Según señala el informe, el mercado de motos ligeras - aquellas con una cilindrada de 125 cc o inferior - es muy sensible a la evolución del mercado laboral juvenil, ya que los más jóvenes suelen adquirir estas motos cuando consiguen su primer empleo, al tratarse de un medio de locomoción muy económico que les da mucha autonomía en entornos urbanos.

La matriculación de motos ligeras sigue sin mostrar signos de mejoría, dado que cada vez son más los jóvenes que abandonan toda esperanza de encontrar un trabajo, lo que precipita el descenso de jóvenes en activo.

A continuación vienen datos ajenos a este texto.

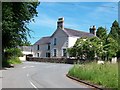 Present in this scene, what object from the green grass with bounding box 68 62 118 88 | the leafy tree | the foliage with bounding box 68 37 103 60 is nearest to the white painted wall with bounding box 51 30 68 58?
the foliage with bounding box 68 37 103 60

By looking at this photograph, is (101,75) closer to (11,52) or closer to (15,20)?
(15,20)

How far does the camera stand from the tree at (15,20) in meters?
38.5

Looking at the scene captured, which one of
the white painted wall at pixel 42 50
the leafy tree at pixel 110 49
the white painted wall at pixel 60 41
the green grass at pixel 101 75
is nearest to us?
the green grass at pixel 101 75

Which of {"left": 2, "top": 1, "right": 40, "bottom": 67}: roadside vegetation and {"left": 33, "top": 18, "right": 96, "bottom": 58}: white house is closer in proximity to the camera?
{"left": 2, "top": 1, "right": 40, "bottom": 67}: roadside vegetation

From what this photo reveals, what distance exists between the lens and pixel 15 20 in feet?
137

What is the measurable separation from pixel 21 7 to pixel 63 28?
1707 inches

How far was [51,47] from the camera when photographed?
3489 inches

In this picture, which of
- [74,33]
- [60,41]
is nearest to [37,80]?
[74,33]

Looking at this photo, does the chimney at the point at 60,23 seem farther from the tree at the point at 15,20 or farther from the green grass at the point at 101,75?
the green grass at the point at 101,75

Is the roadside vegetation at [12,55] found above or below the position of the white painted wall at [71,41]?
below

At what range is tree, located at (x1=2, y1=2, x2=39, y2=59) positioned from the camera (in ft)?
126

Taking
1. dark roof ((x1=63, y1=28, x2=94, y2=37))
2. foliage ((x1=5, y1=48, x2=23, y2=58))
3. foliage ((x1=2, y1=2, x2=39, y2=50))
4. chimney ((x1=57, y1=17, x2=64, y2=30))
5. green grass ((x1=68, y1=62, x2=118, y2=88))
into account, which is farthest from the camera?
chimney ((x1=57, y1=17, x2=64, y2=30))

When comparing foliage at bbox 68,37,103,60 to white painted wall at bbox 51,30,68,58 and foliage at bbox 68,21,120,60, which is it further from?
white painted wall at bbox 51,30,68,58

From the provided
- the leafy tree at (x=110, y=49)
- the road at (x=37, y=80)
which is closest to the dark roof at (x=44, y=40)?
the leafy tree at (x=110, y=49) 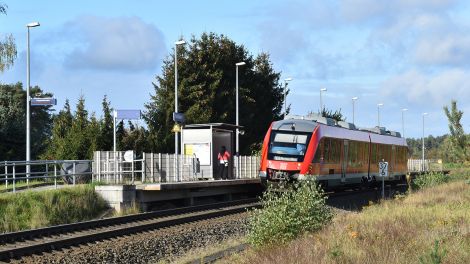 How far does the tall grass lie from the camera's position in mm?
17312

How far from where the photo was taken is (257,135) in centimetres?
5050

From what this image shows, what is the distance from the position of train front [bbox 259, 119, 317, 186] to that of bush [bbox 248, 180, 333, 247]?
10605 mm

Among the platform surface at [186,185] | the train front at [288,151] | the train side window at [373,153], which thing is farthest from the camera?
the train side window at [373,153]

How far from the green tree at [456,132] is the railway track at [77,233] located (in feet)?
137

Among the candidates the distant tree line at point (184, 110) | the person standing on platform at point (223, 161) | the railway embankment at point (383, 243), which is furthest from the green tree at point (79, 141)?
the railway embankment at point (383, 243)

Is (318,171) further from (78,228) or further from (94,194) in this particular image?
(78,228)

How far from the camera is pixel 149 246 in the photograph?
1364 cm

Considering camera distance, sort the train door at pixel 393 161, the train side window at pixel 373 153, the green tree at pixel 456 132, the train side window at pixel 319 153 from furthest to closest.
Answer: the green tree at pixel 456 132 < the train door at pixel 393 161 < the train side window at pixel 373 153 < the train side window at pixel 319 153

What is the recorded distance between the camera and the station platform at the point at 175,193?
20.8m

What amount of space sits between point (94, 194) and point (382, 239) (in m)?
12.9

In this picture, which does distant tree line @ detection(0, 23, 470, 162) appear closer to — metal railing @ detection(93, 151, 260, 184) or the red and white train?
metal railing @ detection(93, 151, 260, 184)

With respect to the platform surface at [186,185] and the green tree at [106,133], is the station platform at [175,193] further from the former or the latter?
the green tree at [106,133]

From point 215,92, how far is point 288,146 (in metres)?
21.0

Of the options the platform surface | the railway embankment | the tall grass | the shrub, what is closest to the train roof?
the platform surface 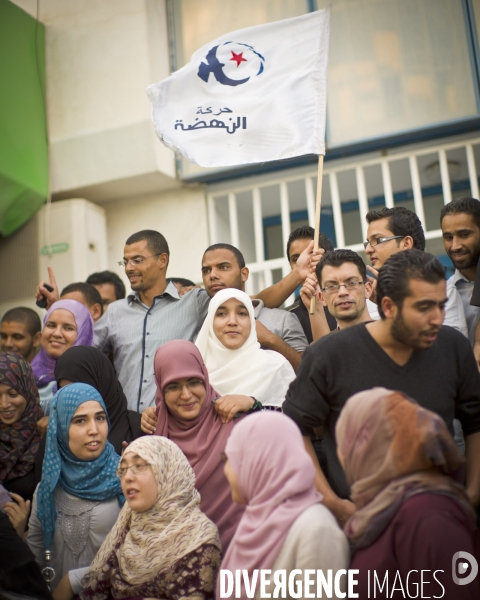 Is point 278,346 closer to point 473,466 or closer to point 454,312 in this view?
point 454,312

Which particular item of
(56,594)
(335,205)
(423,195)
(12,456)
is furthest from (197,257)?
(56,594)

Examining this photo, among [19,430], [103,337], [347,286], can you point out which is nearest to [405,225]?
[347,286]

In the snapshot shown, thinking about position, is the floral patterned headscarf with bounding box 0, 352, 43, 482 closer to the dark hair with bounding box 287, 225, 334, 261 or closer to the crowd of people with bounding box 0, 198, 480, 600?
the crowd of people with bounding box 0, 198, 480, 600

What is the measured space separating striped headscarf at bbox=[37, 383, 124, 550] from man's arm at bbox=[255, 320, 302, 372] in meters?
0.90

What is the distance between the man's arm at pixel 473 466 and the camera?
2.35m

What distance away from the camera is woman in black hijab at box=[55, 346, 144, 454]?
130 inches

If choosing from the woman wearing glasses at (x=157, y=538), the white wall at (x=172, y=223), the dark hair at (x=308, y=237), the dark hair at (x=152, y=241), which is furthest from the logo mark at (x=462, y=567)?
the white wall at (x=172, y=223)

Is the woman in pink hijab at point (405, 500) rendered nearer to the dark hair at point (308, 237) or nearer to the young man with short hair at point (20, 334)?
the dark hair at point (308, 237)

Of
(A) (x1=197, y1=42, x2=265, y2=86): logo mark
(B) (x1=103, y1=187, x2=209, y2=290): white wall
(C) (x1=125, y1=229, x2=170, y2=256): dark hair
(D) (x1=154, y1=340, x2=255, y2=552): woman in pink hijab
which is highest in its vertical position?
(A) (x1=197, y1=42, x2=265, y2=86): logo mark

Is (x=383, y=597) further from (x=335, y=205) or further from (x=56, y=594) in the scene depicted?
(x=335, y=205)

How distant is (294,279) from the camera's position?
3.74 m

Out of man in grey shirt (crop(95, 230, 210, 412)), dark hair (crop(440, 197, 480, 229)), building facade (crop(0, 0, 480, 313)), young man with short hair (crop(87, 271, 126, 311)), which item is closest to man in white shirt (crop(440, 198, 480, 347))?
dark hair (crop(440, 197, 480, 229))

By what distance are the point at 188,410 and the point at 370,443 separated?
110 cm

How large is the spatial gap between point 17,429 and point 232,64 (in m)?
2.51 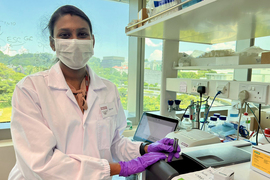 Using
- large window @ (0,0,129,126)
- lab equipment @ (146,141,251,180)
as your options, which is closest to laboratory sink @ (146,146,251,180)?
lab equipment @ (146,141,251,180)

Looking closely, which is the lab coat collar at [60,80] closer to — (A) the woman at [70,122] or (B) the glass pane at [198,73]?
(A) the woman at [70,122]

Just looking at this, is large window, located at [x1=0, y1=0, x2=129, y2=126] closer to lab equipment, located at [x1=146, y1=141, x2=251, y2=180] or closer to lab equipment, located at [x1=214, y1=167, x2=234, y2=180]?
lab equipment, located at [x1=146, y1=141, x2=251, y2=180]

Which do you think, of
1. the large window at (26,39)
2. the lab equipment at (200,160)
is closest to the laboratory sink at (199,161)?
the lab equipment at (200,160)

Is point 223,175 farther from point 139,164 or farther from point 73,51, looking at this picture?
point 73,51

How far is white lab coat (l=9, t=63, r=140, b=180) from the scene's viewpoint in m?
0.77

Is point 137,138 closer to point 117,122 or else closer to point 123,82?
point 117,122

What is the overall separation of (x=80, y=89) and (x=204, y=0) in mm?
780

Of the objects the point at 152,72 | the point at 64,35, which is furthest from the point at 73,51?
the point at 152,72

Para AutoScout24, además, la venta de motos tiene su explicación en un motivo puramente económico, pues la inmensa mayoría de los contratos que se realizan a jóvenes son temporales, incluso para periodos muy concretos que no superan los seis meses, lo que hace que los posibles interesados se lo piensen dos veces antes de embarcarse en la compra de una moto.

Asimismo, su poder adquisitivo sigue disminuyendo respecto al pasado ejercicio, lo que obstaculiza aún más la compra de este segmento de motos. Los ingresos brutos anuales de los jóvenes entre 20 y 24 años apenas superan los 12.000 euros, mientras que se quedan en poco más de 8.000 euros para aquellos que no llegan a los 20 años.

Tampoco ayuda la escasez de financiación bancaria, que es prácticamente inexistente para este tipo de compras y más cuando el interesado en hacerse con una moto es un joven con un trabajo temporal que no sabe si podrá mantener sus bajos ingresos a corto o medio plazo.

Ni tan siquiera el esperado fondo europeo de empleo juvenil, dotado con 1.900 millones de euros para España, supondrá un cambio de la situación actual, ya que se prevé que empiece a funcionar como mínimo en 2014 y estaría destinado sobre todo a contratos en prácticas con baja remuneración.